In both FIGS. 2 and 3, magnets 30 and 32 are oriented opposite to each 
other with regard to polarity. It can be seen from the arrangement of 
magnet 30 with its North pole in contact with shunt 34 and the arrangement 
of magnet 32 with its South pole in contact with shunt 34 and the 
remaining poles in close proximity to shaft 10, a magnetic circuit is 
formed wherein the shaft 10 completes the circuit formed by magnet 30, 
shunt 34 and magnet 32. This circuit will not only seal in the regions 
between shaft 10 and magnet 30 and the region between bearing insert 28 
and thrust bearing insert 35 and magnet 32; but the circuit will contain 
the magnetic fluid 60 enclosed within the interior of the flux path thus 
maintaining adequate magnetic fluid 60 for lubrication and proper 
operation of the bearing assembly 20. 
An alternative embodiment of the invention is shown in FIG. 4. The journal 
bearing ceramic insert 28 is provided with an upper thrust bearing surface 
74 and lower thrust bearing surface 70. These two surfaces 70, 74 are 
parallel and respectively face against thrust bearing rings 80, 82. The 
two opposed pairs of thrust bearing surfaces will constrain the ceramic 
insert 28 from axial movement along the axis of shaft 10. 
The magnets 30, 32 are functionally identical to those in FIGS. 1 and 2. 
As with the thrust bearing surfaces 24, 31 of FIG. 2, the surfaces 70, 72 
and 74, 76 may be provided with spiral grooves to provide the pumping 
action on the magnetic fluid. 
Positioning ring 84 is provided to position ring 82 and journal bearing 
insert 28 relative to ring 80 and control spacing between the thrust 
bearing surfaces 70, 72 and 74, 76. 
Shunts 86, 88 magnetically connect the magnets 32, 30 respectively to hub 
90 to complete the flux path through the hub 90. 
From the description of FIG. 4, it is appreciated that the seal circuit 
comprising two relatively weak magnets 30, 32, a shunt path 86, 90, 88 and 
the shaft 10 may enclose a journal bearing as well as two thrust bearings. 
By utilizing the magnets 30, 32 themselves at the gaps 37 and disposing the 
magnets 30, 32 such that the interior surface of the annular magnet ring 
30 or 32 is disposed proximate to the exterior of shaft 10, a very high 
flux density at the gap 37 is accomplished without the use of an unduly 
strong or large magnet.
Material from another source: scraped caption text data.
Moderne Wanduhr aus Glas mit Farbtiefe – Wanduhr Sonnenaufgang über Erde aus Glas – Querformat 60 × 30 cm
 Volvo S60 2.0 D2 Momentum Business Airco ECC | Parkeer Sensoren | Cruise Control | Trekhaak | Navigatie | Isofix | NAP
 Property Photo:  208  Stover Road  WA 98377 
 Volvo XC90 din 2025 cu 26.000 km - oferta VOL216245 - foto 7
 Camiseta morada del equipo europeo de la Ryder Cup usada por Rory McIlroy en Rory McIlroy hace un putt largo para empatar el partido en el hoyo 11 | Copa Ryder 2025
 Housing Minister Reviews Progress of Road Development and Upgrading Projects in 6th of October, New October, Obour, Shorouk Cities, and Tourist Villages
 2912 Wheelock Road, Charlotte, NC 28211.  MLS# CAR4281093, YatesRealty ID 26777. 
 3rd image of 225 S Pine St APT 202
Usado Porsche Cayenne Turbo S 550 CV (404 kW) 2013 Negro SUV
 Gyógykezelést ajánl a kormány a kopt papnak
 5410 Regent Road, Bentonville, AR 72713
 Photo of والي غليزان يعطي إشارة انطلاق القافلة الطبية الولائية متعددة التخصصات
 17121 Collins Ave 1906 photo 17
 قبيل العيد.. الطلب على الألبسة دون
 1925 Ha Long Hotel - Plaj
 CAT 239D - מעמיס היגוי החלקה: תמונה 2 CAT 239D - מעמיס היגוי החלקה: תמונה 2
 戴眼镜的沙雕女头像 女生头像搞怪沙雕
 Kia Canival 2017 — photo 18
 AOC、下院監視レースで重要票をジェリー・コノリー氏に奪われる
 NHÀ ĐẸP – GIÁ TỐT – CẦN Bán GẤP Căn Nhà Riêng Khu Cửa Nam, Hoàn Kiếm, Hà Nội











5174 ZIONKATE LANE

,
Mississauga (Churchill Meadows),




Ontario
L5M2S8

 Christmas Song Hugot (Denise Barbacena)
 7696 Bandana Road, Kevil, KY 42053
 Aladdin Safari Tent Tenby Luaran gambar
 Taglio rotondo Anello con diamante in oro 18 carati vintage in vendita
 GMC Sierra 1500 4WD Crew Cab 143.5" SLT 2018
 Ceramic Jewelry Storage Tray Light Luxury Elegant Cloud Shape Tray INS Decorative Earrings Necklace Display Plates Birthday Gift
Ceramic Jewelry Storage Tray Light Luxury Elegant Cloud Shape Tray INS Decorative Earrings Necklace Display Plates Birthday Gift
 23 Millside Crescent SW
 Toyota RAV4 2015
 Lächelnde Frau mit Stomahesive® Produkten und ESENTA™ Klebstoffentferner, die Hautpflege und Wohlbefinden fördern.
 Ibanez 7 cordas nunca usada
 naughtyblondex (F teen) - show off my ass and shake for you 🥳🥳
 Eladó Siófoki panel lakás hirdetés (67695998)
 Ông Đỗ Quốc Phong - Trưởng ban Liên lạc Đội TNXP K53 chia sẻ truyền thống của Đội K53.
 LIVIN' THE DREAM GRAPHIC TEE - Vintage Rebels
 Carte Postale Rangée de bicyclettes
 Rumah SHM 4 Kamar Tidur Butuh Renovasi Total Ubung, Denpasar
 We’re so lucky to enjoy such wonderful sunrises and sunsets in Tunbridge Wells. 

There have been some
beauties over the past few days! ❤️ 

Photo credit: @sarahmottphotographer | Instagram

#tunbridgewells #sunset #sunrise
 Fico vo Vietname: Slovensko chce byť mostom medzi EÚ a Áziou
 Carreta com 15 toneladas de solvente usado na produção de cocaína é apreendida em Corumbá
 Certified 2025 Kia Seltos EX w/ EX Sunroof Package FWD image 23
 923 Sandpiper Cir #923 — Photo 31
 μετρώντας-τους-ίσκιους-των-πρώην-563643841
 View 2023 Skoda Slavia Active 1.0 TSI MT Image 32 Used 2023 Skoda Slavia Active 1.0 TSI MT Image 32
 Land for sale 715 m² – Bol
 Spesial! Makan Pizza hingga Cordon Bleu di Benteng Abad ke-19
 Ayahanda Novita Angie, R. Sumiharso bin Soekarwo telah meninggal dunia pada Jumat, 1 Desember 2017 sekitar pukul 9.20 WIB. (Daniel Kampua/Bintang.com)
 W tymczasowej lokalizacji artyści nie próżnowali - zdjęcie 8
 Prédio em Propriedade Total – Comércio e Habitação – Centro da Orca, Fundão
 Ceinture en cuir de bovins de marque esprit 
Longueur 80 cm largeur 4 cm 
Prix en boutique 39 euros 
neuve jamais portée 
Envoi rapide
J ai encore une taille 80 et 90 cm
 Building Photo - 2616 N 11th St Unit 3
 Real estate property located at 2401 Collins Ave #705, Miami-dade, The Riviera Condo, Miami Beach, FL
Interconnecting the two magnets 30, 32 with the 
shunt 34 acts to complete the flux path and, at the same time, constrains 
and controls the flux generated by magnets 30, 32 and prevents undue stray 
flux from escaping from the flux circuit path. By the use of steel in 
shunt 34, the shunt 34 controls and constrains the flux to the interior of 
the shunt 34 to a very high degree; stray flux is prevented from 
propagating into the disk environment, inadvertently affecting the 
magnetic storage disks, and potentially destroying valuable data stored on 
the disks. 
The need for a large, strong single magnet is overcome and the possibility 
of the large, strong single magnet propagating stray flux into the 
magnetic storage disk environment is eliminated by the use of the weaker 
magnets 30, 32 positioned to focus their flux in a very concentrated area 
of the gaps 37 between the magnets 30, 32 and the shaft 10. 
The foregoing preferred embodiment of the best mode for carrying out the 
invention has been described, but it should be understood that variations 
and changes may be made without departing from the scope and spirit of the 
invention as set forth by the claims.